For RNA-Seq, it has been challenging to distinguish PCR duplicates from biological duplicates. Ghost found a tool that tackles this and answer question:
In your RNA-Seq library, whether the duplicates primarily come from PCR duplicates or biological duplicates?
Does your RNA-Seq library has enough complexity (DNA material) to continue expression analysis?
Why is duplicates problematic in RNA-Seq?
Certain level of duplicates is unavoidable in RNA-Seq. It has been a lasting arguing about whether duplicates should be removed during analysis (seems like most people tend not to remove it).
People agreeing duplicates removal argue that, without removing duplicates, we bias the expression measurements towards highly expressed genes that produce most of the PCR artifacts.
People disagreeing duplicates removal argue that, most of the duplicates are biological duplicates coming from highly expressed genes and bias the expression measurements towards lowly expressed gene.
It all comes down to this: Whether to remove duplicates depends on if most of the duplicates are biological duplicates or PCR duplicates due to over-amplified library. In another word, it depends on the library complexity.
Ways to tackle this
One way to estimate the natural duplicates / PCR duplicates is by looking at the alignment in IGV. Natural duplicates have relatively smooth distribution across most of the exon (isoform) of highly expressed gene while PCR duplicates may have random depth peak. However, this only gives you a raw estimation.

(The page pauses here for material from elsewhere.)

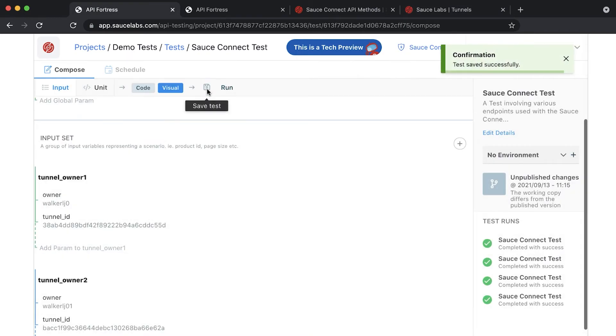When you add input sets to your API tests, your tests are run once for each input set that you create. That means if you create two input sets, every command in your test is run twice.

Alternatively, we can use dupRadar. The idea is that, for a moderately amplified RNA-Seq library, the duplicates should only be produced from those highly expressed genes. On the other hand, if the library has to be over-amplified due to its insufficient DNA material, the duplicates may be produced from all expressed gene. Let's check the heatmaps produced by dupRadar.
The x-axis and y-axis indicate the expression level within every kbp (amount of reads aligned to every kbp) and % duplicates. The left figure shows that duplicates level increases as expression raises. This is how a moderately amplified library looks like. The right figure shows that a library with insufficient DNA material get over-amplified and PCR duplicates dominate the library.
The green dot line can also tell the complexity (input DNA amount) of the library (see where the genomic length & library size normalized index lay on genomic length normalized landmark).
Note that, comparing to PE library, the slope of the heatmap will be much higher if SE library is used because the likelihood of sequence being treated as duplicates increases.